"We stand at a moment of becoming what we not quite are . . ." said Museum of American History director Roger Kennedy. "History records itself in the printed page and picture . . . and in the pitched human voice . . . a song in a picture-saturated time may be worth a thousand pictures."

All this was by was of introducing last night's Frank Nelson Doubleday lecture at the Smithsonian, the second in a series of four this year on American music.
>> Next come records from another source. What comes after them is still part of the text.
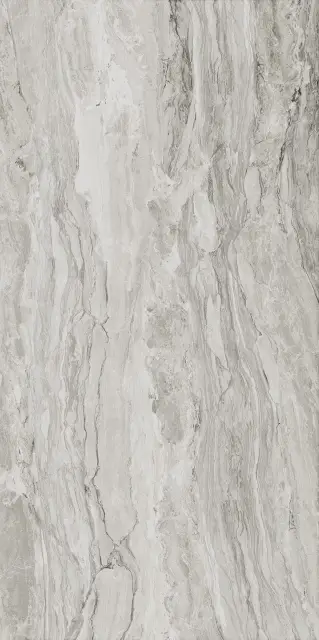 Керамогранит GEMSTONE SILVER LUX 59,5X119,2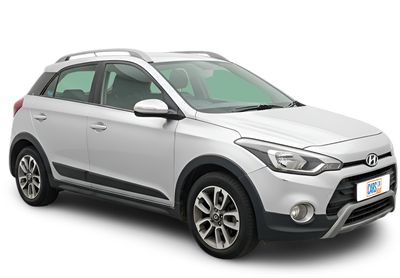 Hyundai i20 Active-img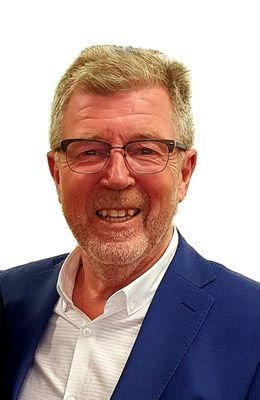 1NickSterling's profile picture. 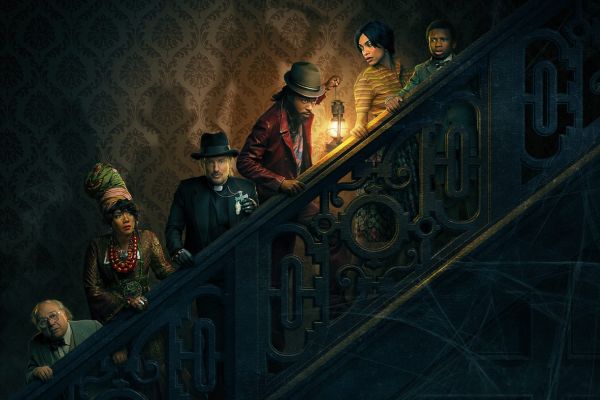 Просмотрено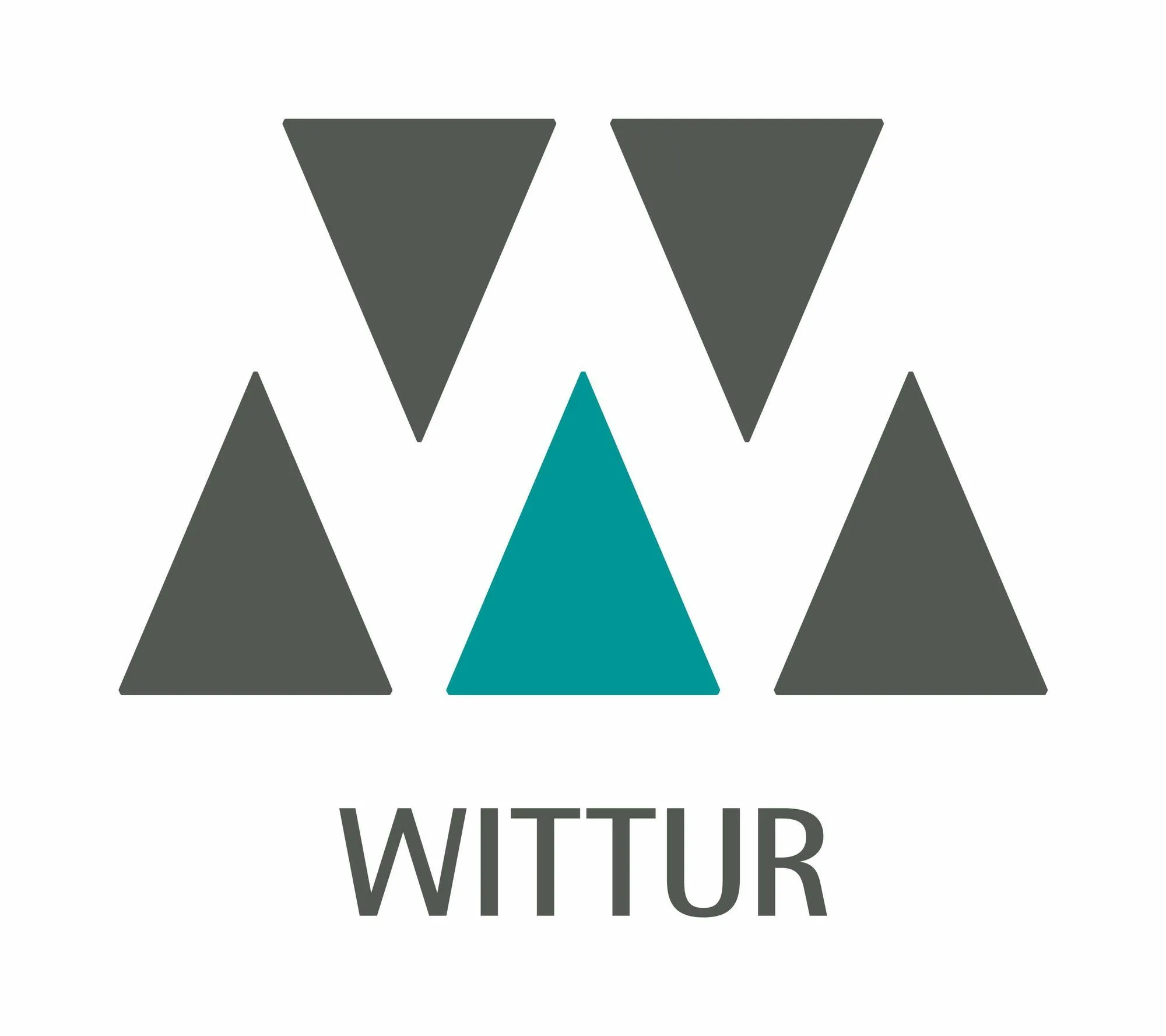 Wittur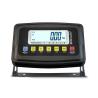 Buy cheap Hot Selling Good Quality smart label Weighing Indicators OEM/ODM Electronic from wholesalers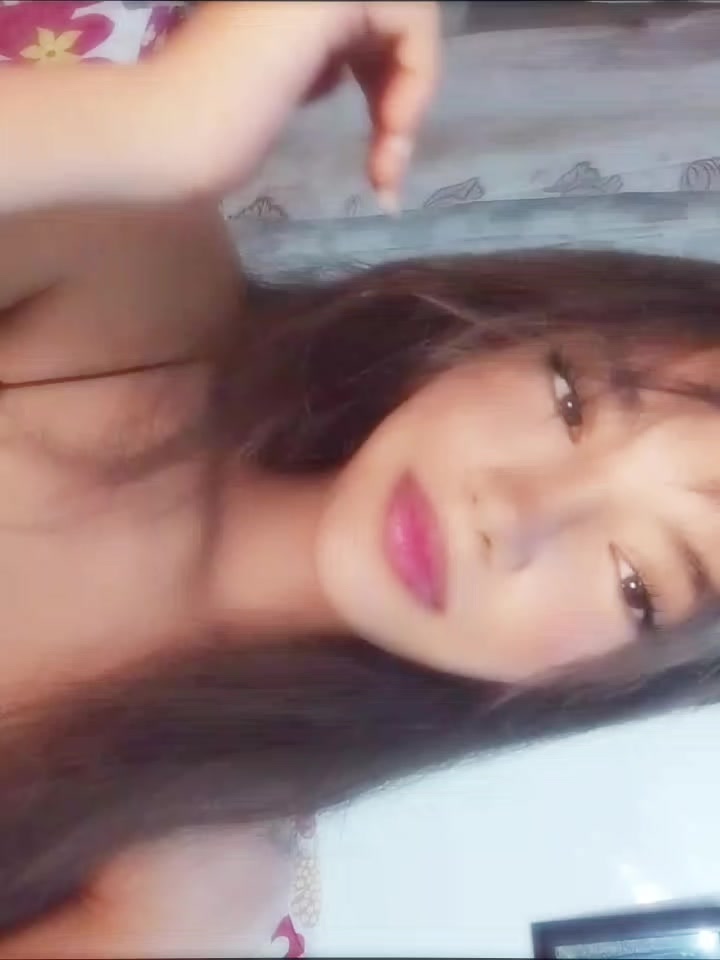 @maryem🦋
To illustrate and guide a look at the American musical theater, Kennedy called on Schuyler Chapin, former general manager of the Metro-politan Opera and now dean of the Columbia University School of Arts, and his son, Ted, erstwhile producer of the now-dormant Musical Theater Lab at the Kennedy Center.

For their black-tie, invitation-only audience of 600 in the Smithsonian's Flag Hall, the Chapins provided a troupe of five singers from New York to give expert testimony as to the vitality of musical theater. The performers, all unknowns, had a fairly heady audience for their one-night stand, with impresarios Roger Stevens of the Kennedy Center, Patrick Hayes of the Washington Performing Arts Society and Morris Tobin of the National Theatre joining such government types as Secretary of Defense Caspar Weinberger.
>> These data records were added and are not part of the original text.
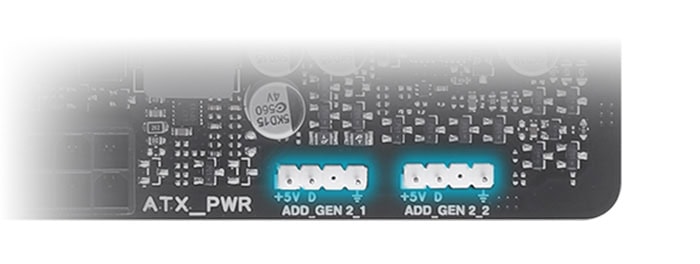 A620M-AYW WIFI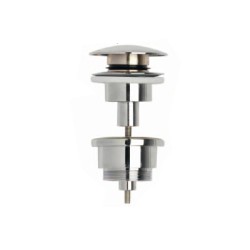 Universal VALVE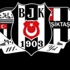 Beşiktaş'tan Alp'e teşekkür mesajı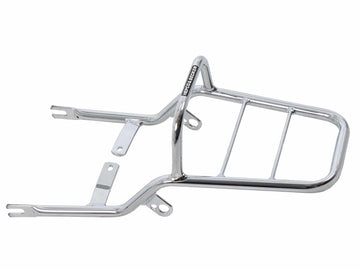 Honda Dax St 50 [1972-1999] - Bagagebro - 0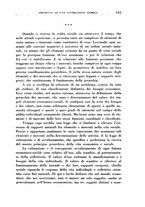 giornale/TO00210278/1939/unico/00000467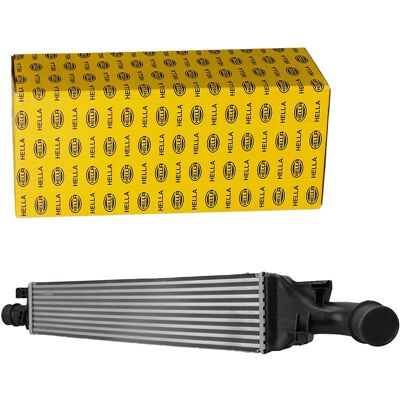 Hella Ladeluftkühler Turbokühler Passend Für Audi Q3 8ml 366 341-691: Ladeluftkühler Abakus: 0030180022 Aks Dasis: 487037n Audi: 8u0145803b Audi (faw) Hella Ladeluftkühler Turbokühler Passend Für Audi Q3 8ml 366 341-691: Ladeluftkühler Abakus: 0030180022 Aks Dasis: 487037n Audi: 8u0145803b Audi (faw)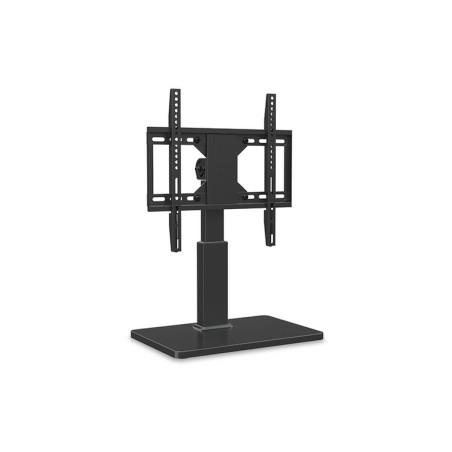 VIEWSONIC STAND SUPPORTO TAVOLO +/- 45 G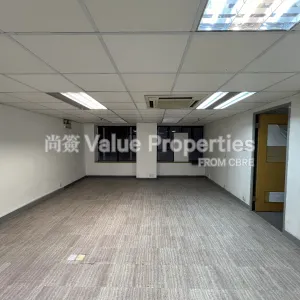 尚簽 Value Properties-properties-car-po-commercial-building-1620-IMG_6691-thumbnail-webp.webp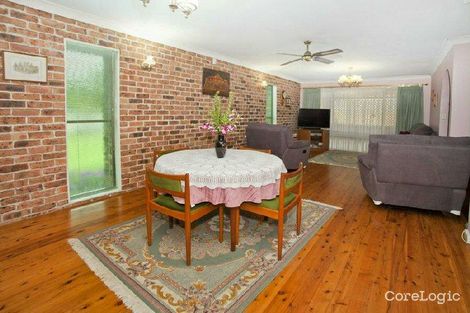 Property photo of 31 Windang Road Primbee NSW 2502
The Chapinsh talk was billed as "A View" and was intended, Schuyler Chapin said before the show, to remind the audience of the splendors of the American musical and urge them not to let it languish. Both Chapins said during their narration that the musical's state of health is not now very strong, but that they have hope. They believe that Stephen Sondheim is the only original talent around, but that he is perhaps living in the wrong era, because he has "no competition." By contrast; the recent hit "They're Playing Our Song" was characterized by Ted Chapin as "disgraceful," and "The Best Little Whorehouse in Texas" as a "hodgepodge . . . with an ugly set and a good title."

If the Chapins' narration lacked focus, the performers certainly did not, as each in turn showed that the best musical theater can move, excite, amuse or amaze as few other media can. Keith Rice showed off a beautiful voice in good old reliable "Oh What a Beautiful Morning" from "Oklahoma," and Maureen Silliman demonstrated the best result of the marriage between acting and singing in "Just a Housewife," a feisty lament from a failed musical called "Working."
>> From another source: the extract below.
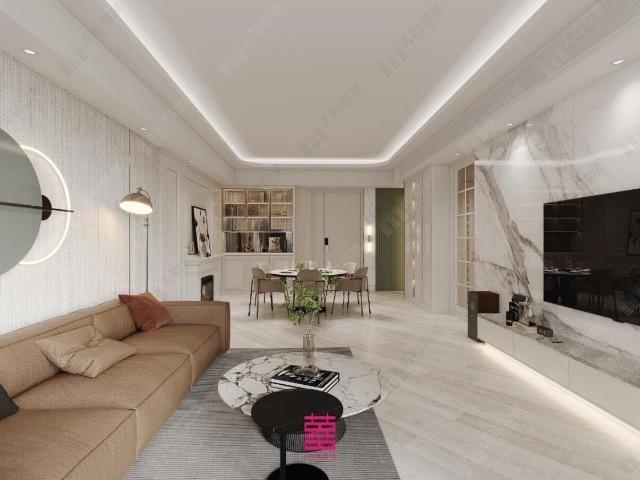 4 bedroom for rent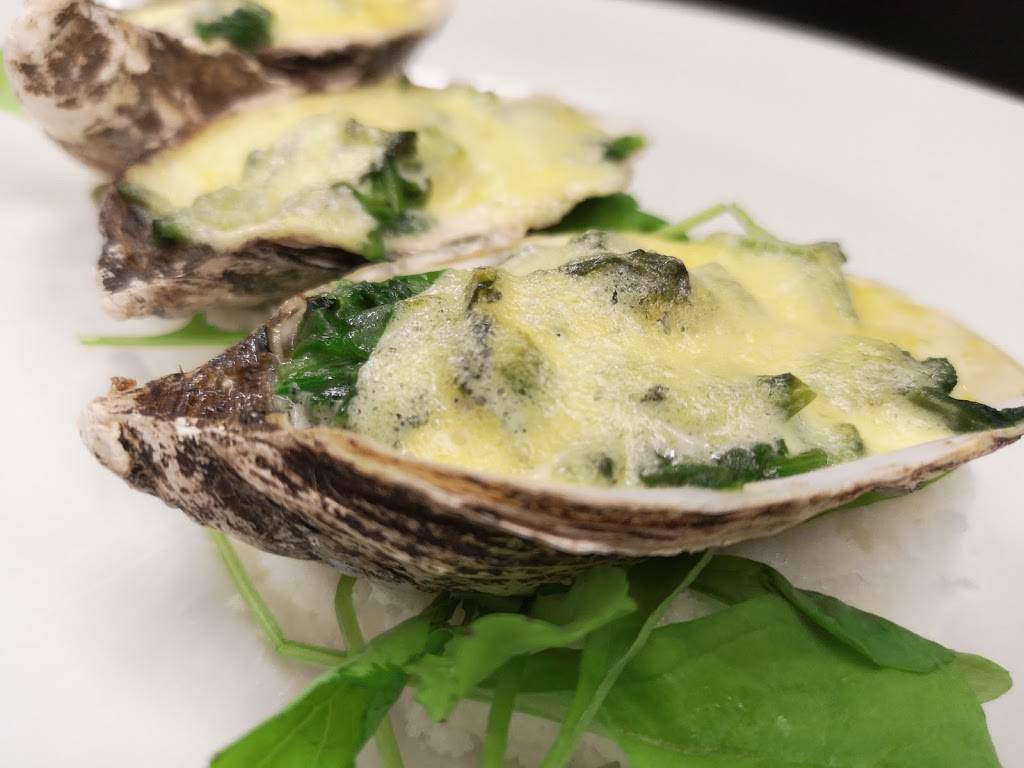 Bistecca Italian Steakhouse | restaurant | 765 Queen St, Kincardine, ON N2Z 2Y2, Canada | 5193962333 OR +1 519-396-2333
The evening -- a one-time-only event, came complete with its own specially commissioned opening number, ("Someone's Donated Us to the Smithsonian"), and a smashing tapdance number by Randy Hugill, who also managed to stun the audience by singing after flinging himself around on the tiny square of dance platform. There was no finale, however, a major omission in an otherwise well-balanced evening.

"Music is emotional, words are rational," said Schuyler Chapin. "Blending the two together is the magic."